*** Dataset content ***

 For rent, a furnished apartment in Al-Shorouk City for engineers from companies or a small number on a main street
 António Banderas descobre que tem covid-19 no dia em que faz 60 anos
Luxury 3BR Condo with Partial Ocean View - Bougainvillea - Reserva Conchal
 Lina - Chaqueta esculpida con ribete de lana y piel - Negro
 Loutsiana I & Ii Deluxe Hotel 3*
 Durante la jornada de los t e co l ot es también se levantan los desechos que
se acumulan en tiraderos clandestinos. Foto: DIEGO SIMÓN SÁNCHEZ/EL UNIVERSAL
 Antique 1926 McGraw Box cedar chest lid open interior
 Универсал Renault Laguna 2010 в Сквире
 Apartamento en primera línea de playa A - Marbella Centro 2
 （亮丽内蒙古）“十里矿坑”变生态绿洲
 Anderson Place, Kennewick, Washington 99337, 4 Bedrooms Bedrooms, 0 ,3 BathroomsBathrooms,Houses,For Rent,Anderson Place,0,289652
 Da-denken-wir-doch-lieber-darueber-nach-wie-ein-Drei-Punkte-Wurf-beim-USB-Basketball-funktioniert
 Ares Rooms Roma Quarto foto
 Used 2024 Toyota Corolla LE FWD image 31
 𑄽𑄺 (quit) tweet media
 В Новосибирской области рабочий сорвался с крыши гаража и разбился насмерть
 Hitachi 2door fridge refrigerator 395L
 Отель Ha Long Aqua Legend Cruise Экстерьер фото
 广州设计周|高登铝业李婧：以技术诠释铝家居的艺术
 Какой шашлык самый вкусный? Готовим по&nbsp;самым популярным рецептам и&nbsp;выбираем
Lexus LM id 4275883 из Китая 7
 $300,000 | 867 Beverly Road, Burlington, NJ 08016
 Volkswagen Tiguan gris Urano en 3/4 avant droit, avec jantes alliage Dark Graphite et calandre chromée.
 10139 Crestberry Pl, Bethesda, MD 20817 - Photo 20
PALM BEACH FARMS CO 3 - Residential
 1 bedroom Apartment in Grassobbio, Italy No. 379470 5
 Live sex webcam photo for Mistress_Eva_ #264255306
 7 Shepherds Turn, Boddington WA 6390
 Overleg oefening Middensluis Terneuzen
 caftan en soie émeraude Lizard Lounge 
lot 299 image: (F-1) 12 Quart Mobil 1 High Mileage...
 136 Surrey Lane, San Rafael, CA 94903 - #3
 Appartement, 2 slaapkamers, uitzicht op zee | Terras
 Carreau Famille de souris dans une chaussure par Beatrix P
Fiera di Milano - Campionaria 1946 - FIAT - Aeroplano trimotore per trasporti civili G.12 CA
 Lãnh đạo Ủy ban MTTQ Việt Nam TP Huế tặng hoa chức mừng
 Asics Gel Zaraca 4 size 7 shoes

*** End of Dataset content ***

Brief: Each record has to be given again exactly as written.

Result for this task:
 For rent, a furnished apartment in Al-Shorouk City for engineers from companies or a small number on a main street
 António Banderas descobre que tem covid-19 no dia em que faz 60 anos
Luxury 3BR Condo with Partial Ocean View - Bougainvillea - Reserva Conchal
 Lina - Chaqueta esculpida con ribete de lana y piel - Negro
 Loutsiana I & Ii Deluxe Hotel 3*
 Durante la jornada de los t e co l ot es también se levantan los desechos que
se acumulan en tiraderos clandestinos. Foto: DIEGO SIMÓN SÁNCHEZ/EL UNIVERSAL
 Antique 1926 McGraw Box cedar chest lid open interior
 Универсал Renault Laguna 2010 в Сквире
 Apartamento en primera línea de playa A - Marbella Centro 2
 （亮丽内蒙古）“十里矿坑”变生态绿洲
 Anderson Place, Kennewick, Washington 99337, 4 Bedrooms Bedrooms, 0 ,3 BathroomsBathrooms,Houses,For Rent,Anderson Place,0,289652
 Da-denken-wir-doch-lieber-darueber-nach-wie-ein-Drei-Punkte-Wurf-beim-USB-Basketball-funktioniert
 Ares Rooms Roma Quarto foto
 Used 2024 Toyota Corolla LE FWD image 31
 𑄽𑄺 (quit) tweet media
 В Новосибирской области рабочий сорвался с крыши гаража и разбился насмерть
 Hitachi 2door fridge refrigerator 395L
 Отель Ha Long Aqua Legend Cruise Экстерьер фото
 广州设计周|高登铝业李婧：以技术诠释铝家居的艺术
 Какой шашлык самый вкусный? Готовим по&nbsp;самым популярным рецептам и&nbsp;выбираем
Lexus LM id 4275883 из Китая 7
 $300,000 | 867 Beverly Road, Burlington, NJ 08016
 Volkswagen Tiguan gris Urano en 3/4 avant droit, avec jantes alliage Dark Graphite et calandre chromée.
 10139 Crestberry Pl, Bethesda, MD 20817 - Photo 20
PALM BEACH FARMS CO 3 - Residential
 1 bedroom Apartment in Grassobbio, Italy No. 379470 5
 Live sex webcam photo for Mistress_Eva_ #264255306
 7 Shepherds Turn, Boddington WA 6390
 Overleg oefening Middensluis Terneuzen
 caftan en soie émeraude Lizard Lounge 
lot 299 image: (F-1) 12 Quart Mobil 1 High Mileage...
 136 Surrey Lane, San Rafael, CA 94903 - #3
 Appartement, 2 slaapkamers, uitzicht op zee | Terras
 Carreau Famille de souris dans une chaussure par Beatrix P
Fiera di Milano - Campionaria 1946 - FIAT - Aeroplano trimotore per trasporti civili G.12 CA
 Lãnh đạo Ủy ban MTTQ Việt Nam TP Huế tặng hoa chức mừng
 Asics Gel Zaraca 4 size 7 shoes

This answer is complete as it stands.